HP 1000 Pascal

I worked at KSLA Shell Amsterdam labs 1980-1983. One of my projects was to develop a realtime system in Pascal.

Goal of the project was to emulate a TDC 2000 device, with only the public information supplied by Honeywell, in hardware and software.
The Honeywell TDC 2000/3000 is an advanced distributed control system. TDC 2000 was introduced in 1975.
To do this special hardware was developed (a 6809 micropocessor system) as a device driver in an HP1000 minicomputer to talk to the TDC2000 bus.
The HP1000 itself was running its own real time operating system RTE. The application I wrote, in HP1000 Pascal, was responsible for communication over the TDC2000 bus via this device driver, being a node in the TDC2000 system.

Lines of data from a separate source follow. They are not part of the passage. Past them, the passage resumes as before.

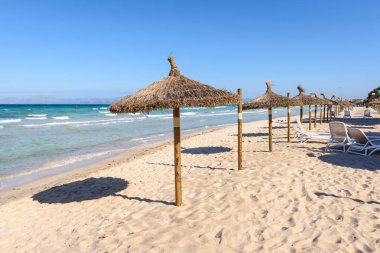 Mallorca Playa de Muro plajda Şemsiyeler, İspanya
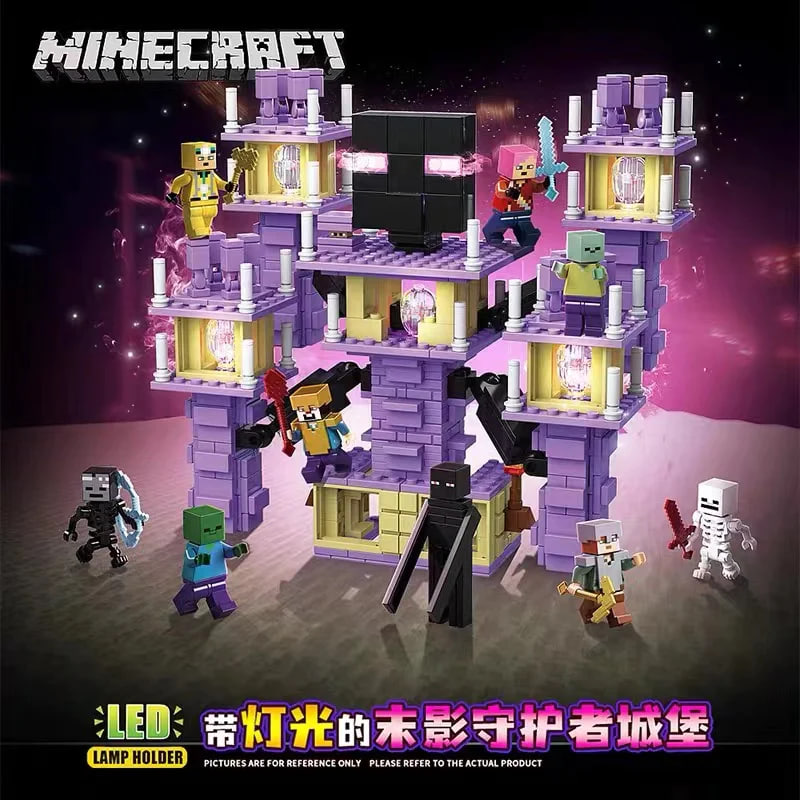 Quan Guan 754 Minecraft Shadow Guardian Castle with Lights 2 - WANGE Block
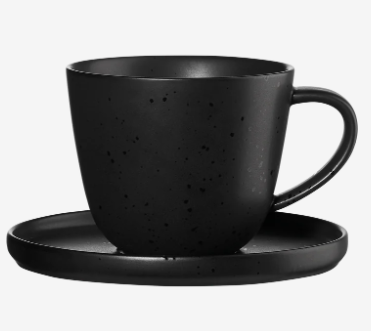 ASA Kaffeetasse mit Unterteller, kuro, 0,25 L, schwarz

HP1000 Pascal was quite a good implementation of Standard Pascal. Via systems calls one could communicate with device drivers. The whole system, operating systen and application, was in the end burned into EPROMs as disk  (many 2716s!) so the machine could run diskless in harsh environments.

The program was a realtime application. And Shell wanted it to be in a higher level language and Pascal was en voque in the KSLA lab these days. I learned and discussed a lot with fellow engineers there about Pascal (Concurrent Pascal, Standard Pascal, Pascal Plus etc).

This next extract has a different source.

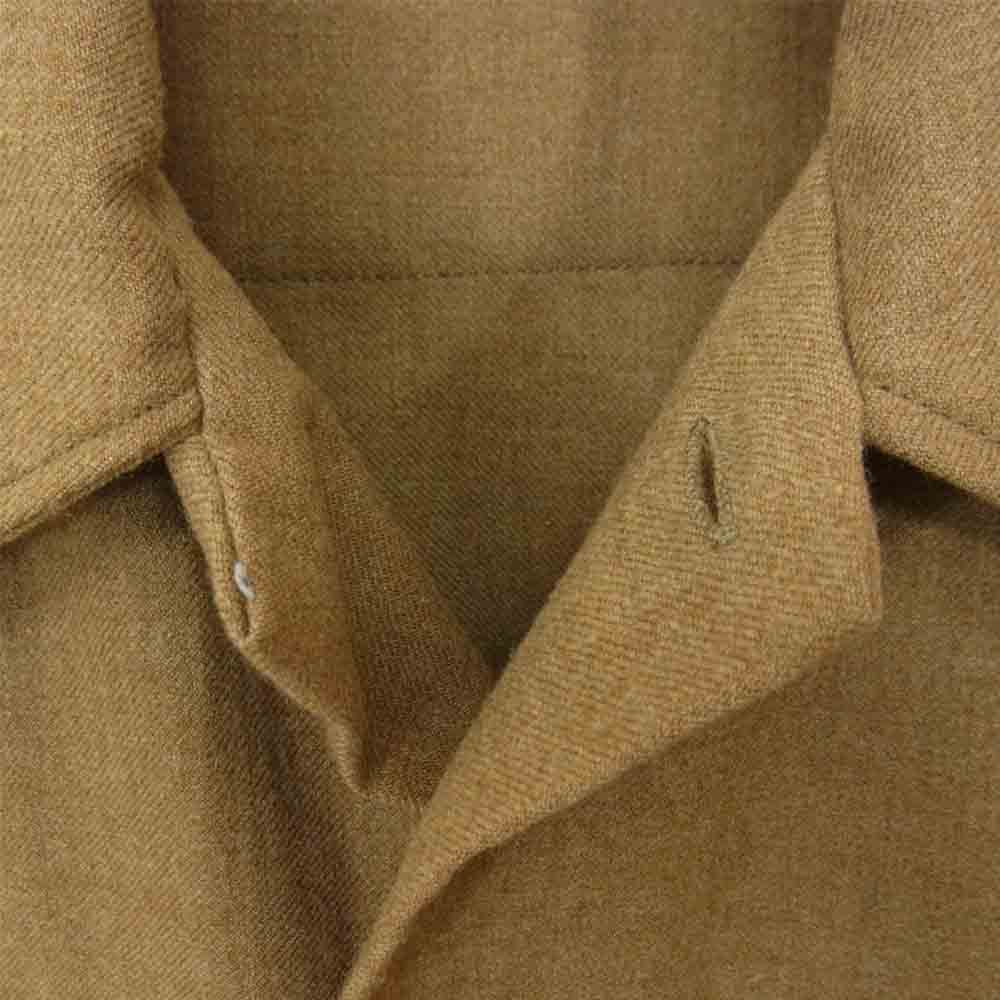 アメリカ軍 ガスフラップ付 ウール マスタード シャツ ベージュ系 14 1/2～32【中古】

As a realtime applciation the standard layout was chosen: an init part and an endless main loop servicing the devices with commands over the bus and transmitting results over the bus with answers on queries.
I do remember the HP1000 was not the fastest machine. Since the response had to be realtime, I encountered several performance problems during the loop of the 1 second dutycycle available. One was a calculation of a real variable, a sinus value. Floating point was done in software, so that was a bottleneck. I solved that by at the init part calculating and storing in a table the sinus values in the resolution required and doing a table lookup in the main loop. It all worked out very well.